エネルギー価格,地球温暖化対策に関心が高まる中,当社グループでは省エネの推進,再生可能エネルギー設備の導入を積極的に進めている。王子エフテックス中津工場においても省エネ機器の導入や操業改善による省エネ活動に取り組んでいるが,省エネを推進していくためには新たな視点による発掘が必要である。そこで,今回は工場既存の流水工程の落差に着目して従属発電(小水力発電)の導入を検討した。

水車形式は流水工程を考慮して流量と有効落差からポンプ逆転水車を選定し,ポンプ仕様は遊休品のポンプを仮設して吐出フランジから吸い込みフランジへ水を流入させテストを実施し求めた。
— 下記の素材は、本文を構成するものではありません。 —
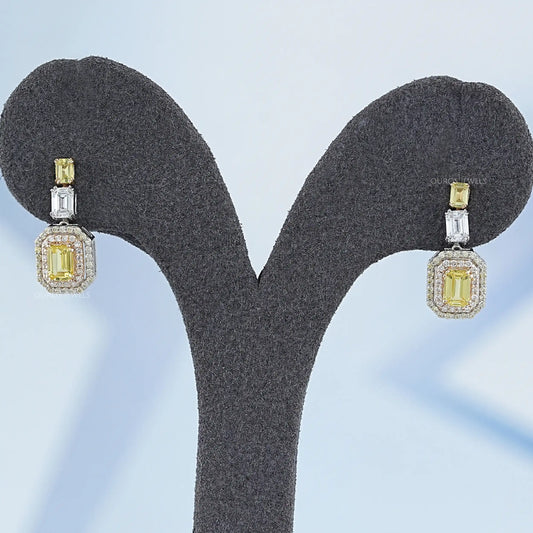 Yellow Emerald Lab Gemstone Double Halo Drop Earrings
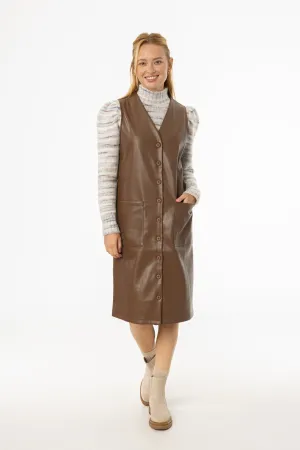 Brown Vegan Leather Vest Dress Classic Sweater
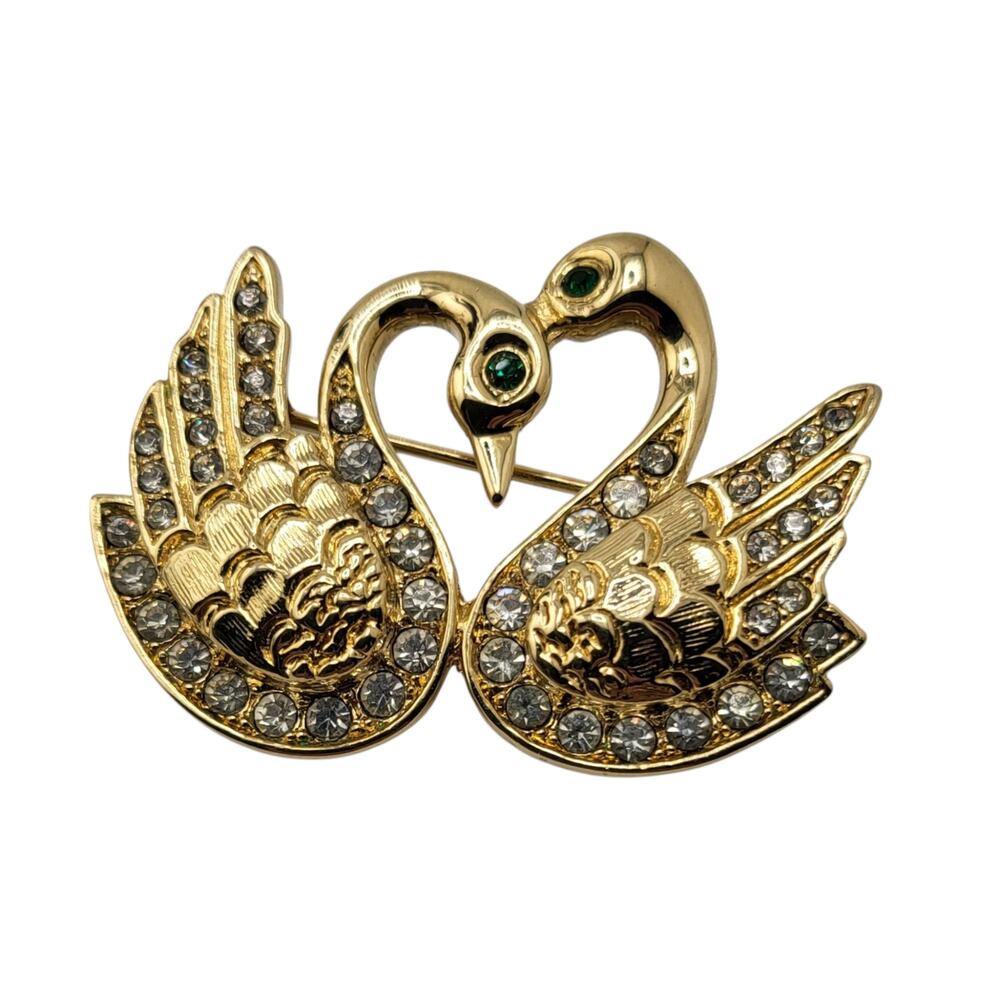 Vintage Gold Tone Swan Brooch Rhinestone Love Birds Pin Green Eyes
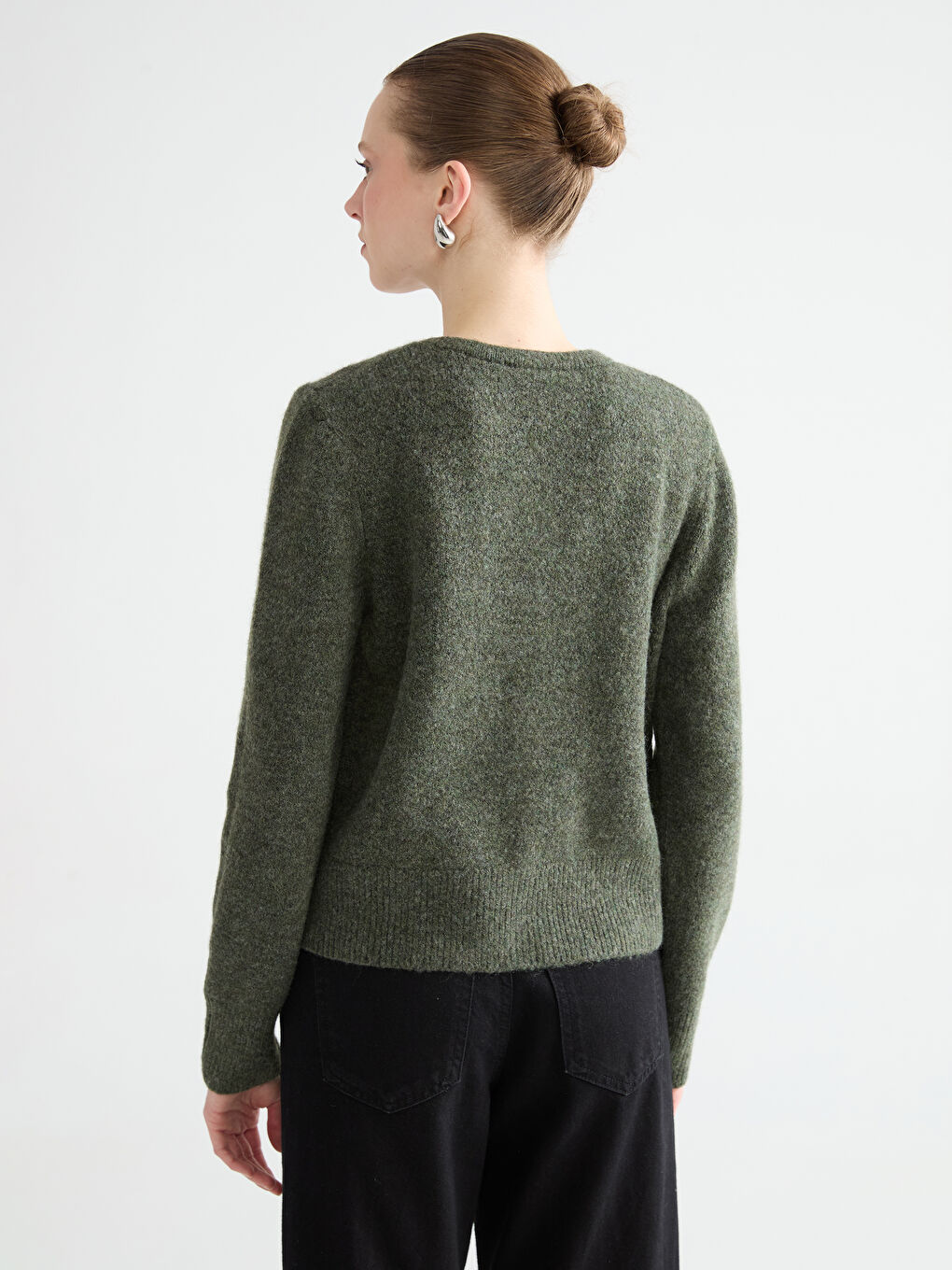 Rundhalsausschnitt Damen Strickjacke-3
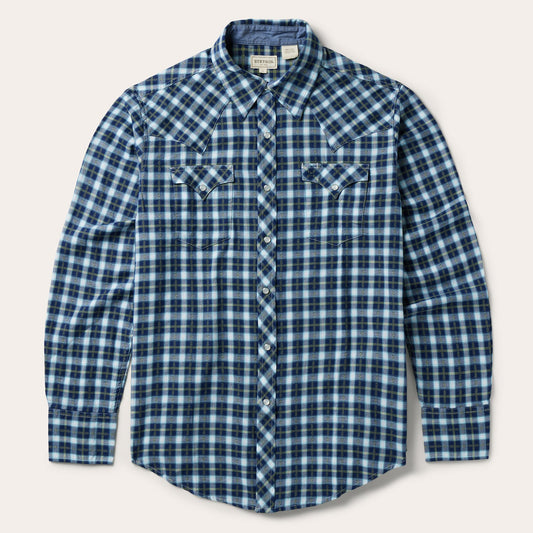 Blue Plaid Twill Dobby Western Shirt / Stetson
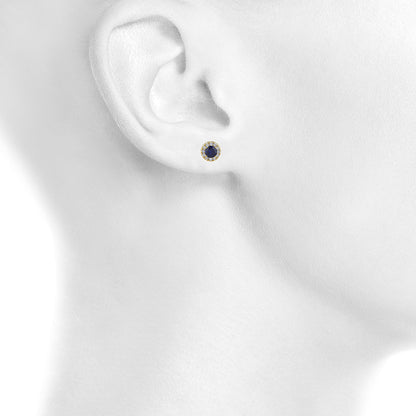 14Kt Gold 1 Ct Blue Sapphire Halo Design Stud Earrings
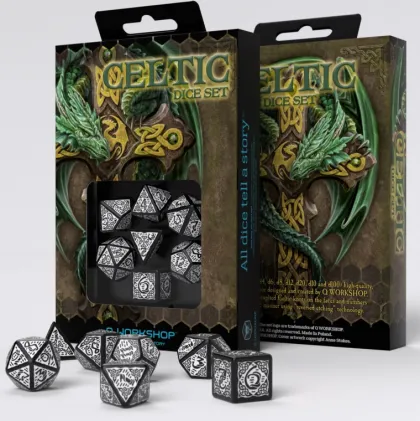 Q-Workshop - Celtic 3D Revised RPG Dice Set: Black & White (7-delig)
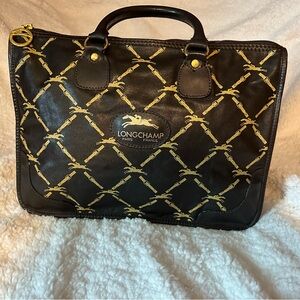 Longchamp Rare Vintage Leather Tote Brown Horse Pattern Men Women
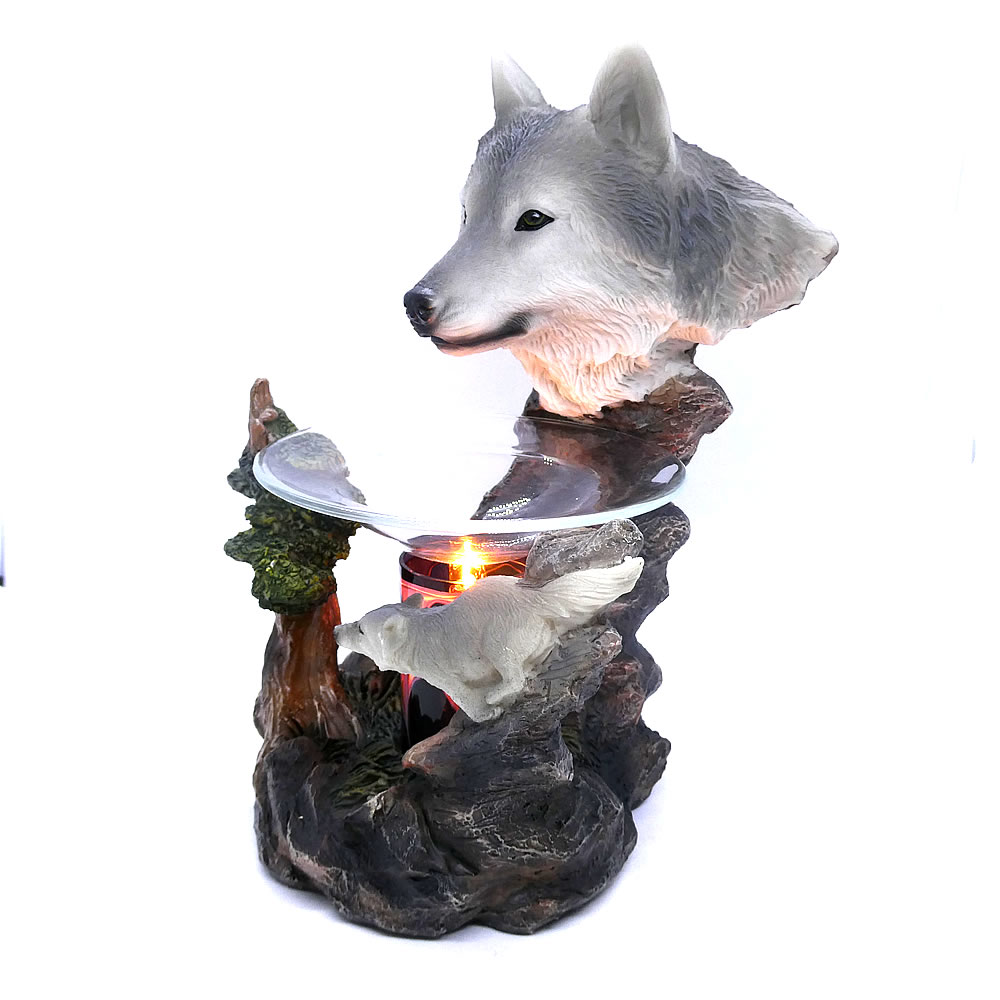 Wolves Figurine Statue Oil Melt Warmer On Dimmer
テスト結果より,ポンプを水車として使用する場合は,設置条件(流量と落差)の70~80%程度の能力を有するポンプでよいことがわかった。テスト結果を踏まえて,安定した流量が確保できるパルセータ(凝集沈殿装置)入口とろ過水槽入口の2箇所にポンプ逆転水車を設置した。ここで,ポンプは安価に省エネを実施することを目的に,当社グループの遊休品を探し選定した。パルセータに設置したポンプ逆転水車の発電出力は3.5kWとなり,年間発電量として30,100kWhを得ることができた。ろ過水槽でも同様に発電することができた。

今回は,新しい発想として既存の流水工程からエネルギーを取り出して発電することで,省エネ効果を上げることができた。本事例のように遊休品のポンプを用いることで導入コストを抑えながら省エネを実施することも可能となる。